In a prerecorded video, Jon Bon Jovi called for a collaborative effort between philanthropic groups, nonprofits and all levels of government.

“They have to come together and communicate with each other,” he said. “In my opinion, food pantries should be a safety net, not a replacement for programs.”

Hunger is closely tied to obesity, as less nutritious, calorie-packed foods are more affordable than fruits and vegetables, Colicchio said.

The associated impacts lead to an estimated $160 billion in annual health care costs. There is also a direct correlation between hunger and poor academic performance, he said.

As federal cuts to the SNAP program will lead to a projected loss of nearly 2 billion meals beginning this year, many panel members said it is more important than ever to pressure elected officials into making hunger a “national priority.”

While Christie acknowledged that the issue’s complexity does not easily lend itself to sound-bite politics, he said an increased focus on the long-term economic impacts explained by Colicchio will change more minds than an emotional approach.

“We have an obligation to articulate these things in a way that can help to build support,” he said, calling on elected officials to “take more risks” and ignore what members of their own party or the opposition party will think.

Panel members said eradicating the stigma of hunger is equally important, as it will encourage more people to apply for available benefits. New Jersey is 48th in the nation in terms of individuals who qualify for SNAP benefits but don’t receive them, Colicchio said. Raising the participation rate of eligible residents by only 10 percent could bring an additional $1.2 million into the state’s economy, he said.
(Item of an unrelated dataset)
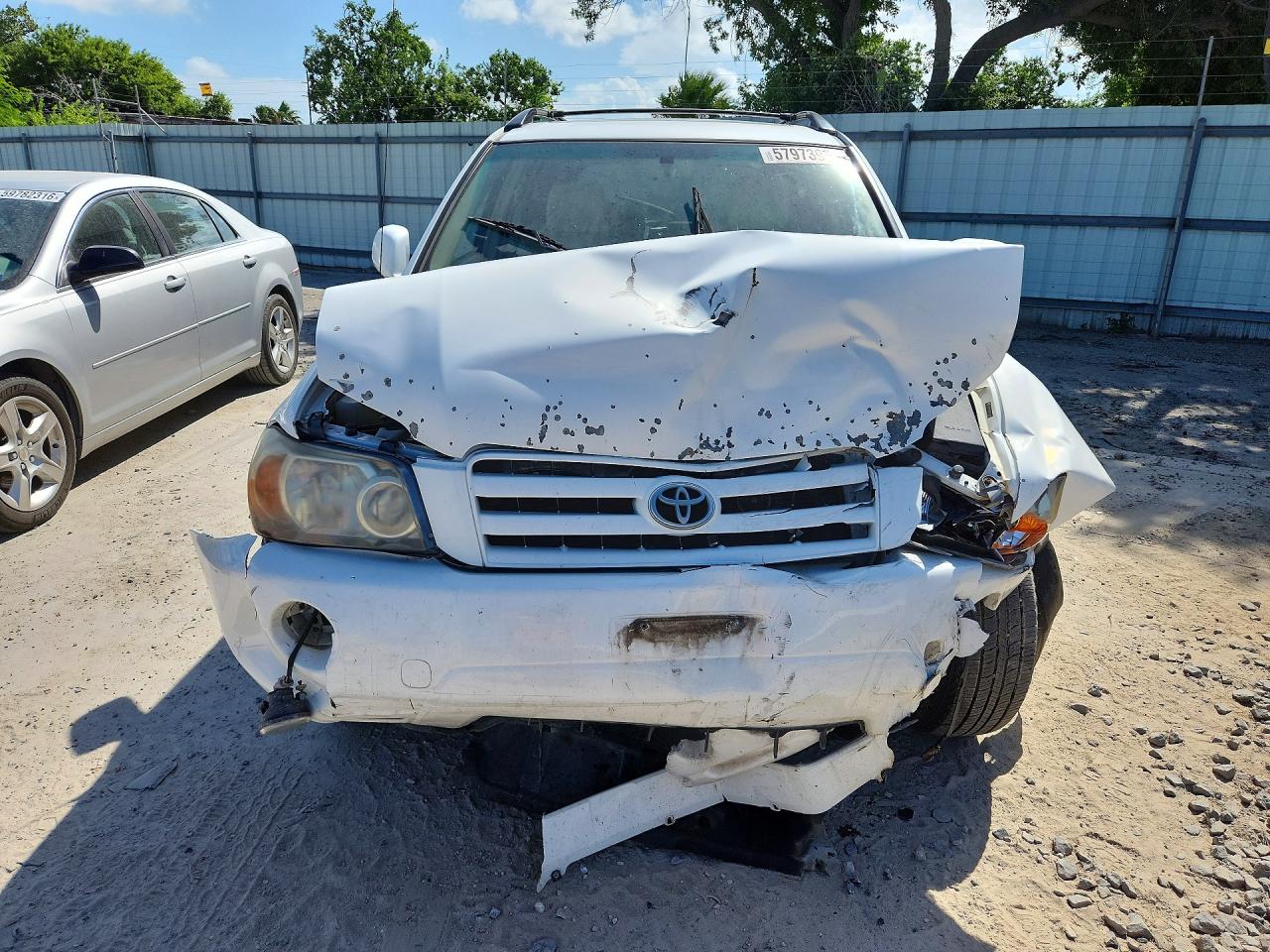 2007 Toyota Highlander Base White vin: JTEDP21A070134738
All of these initiatives require an effective rebranding of hunger in the public eye, panel members said.

Christie, who participated in a “Jersey boy” panel alongside Elizabeth native Colicchio and Ridgewood native Geist, said people’s opinions on hunger begin to change when they see the problem in their own communities.

“While Ocean and Monmouth have their pockets of poverty, they are perceived as fairly affluent counties,” Christie said. “When you start seeing the demand in those counties go that high, then it becomes personalized to a lot of folks.”
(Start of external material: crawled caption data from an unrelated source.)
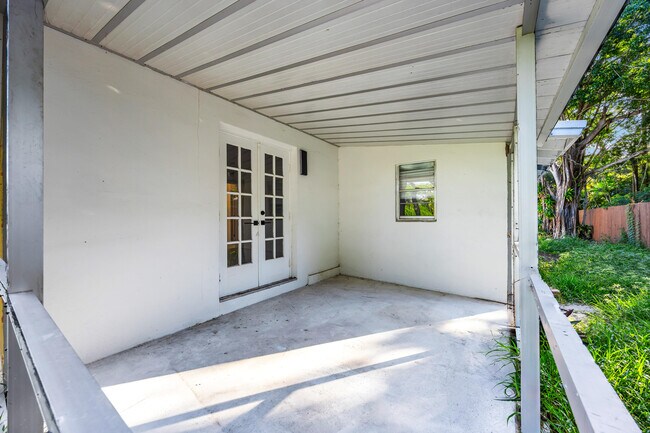 Building Photo - 3360 N 57th Dr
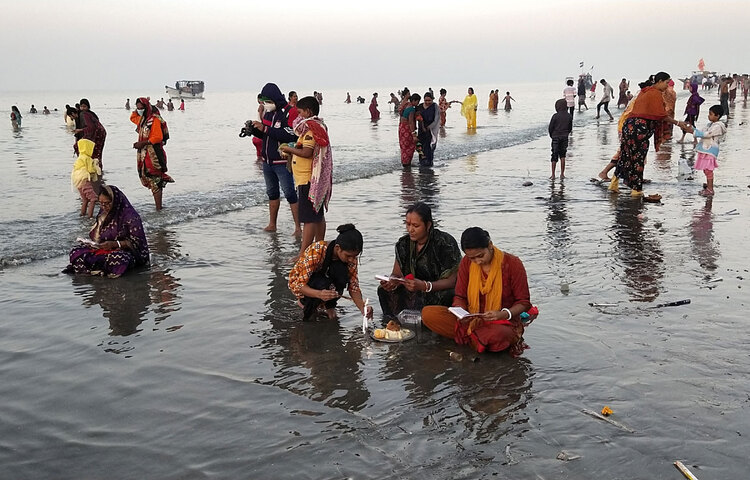 বঙ্গোপসাগরের লোনা জলে নেমেছে হিন্দু সম্প্রদায়ের হাজারো নর-নারী। মানতকারীরা মাথা ন্যাড়াসহ প্রায়শ্চিত্ত ও পিণ্ড দান করেন। পূণ্যের আশায় বেলপাতা, ফুল, ধান, দূর্বা, হরীতকী, ডাব, কলা, তেল ও সিঁদুর সমুদ্রের জলে অর্পণ করেন। ছবি: জাগো নিউজ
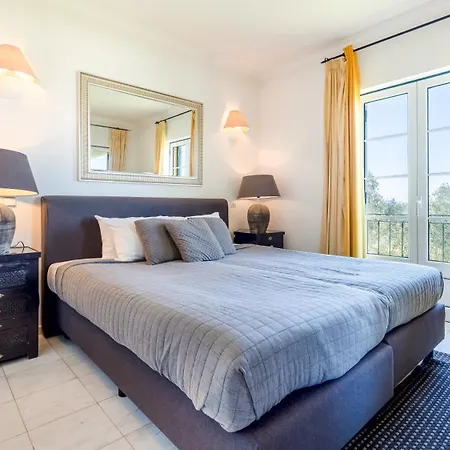 1 Bdr Flat With Pool - 125d Gramacho By Lovelystay Lägenhet Estômbar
As of June, nearly 18,000 families in Monmouth County were participating in SNAP, an 8.2 percent increase over last year. Nearly 23,000 Ocean County families were receiving assistance, up approximately 17 percent from 2012.

Twelve-year-old Claire Taylor of Ocean Township said last week’s event inspired her to get more involved in the fight against hunger.

“I thought it was inspiring to see all the people who take the effort to go and volunteer,” she said after watching the film. “Even though it’s a bad thing that people aren’t getting food, it brings people together to make a change. That shows potential for the United States. They are working toward a better world.”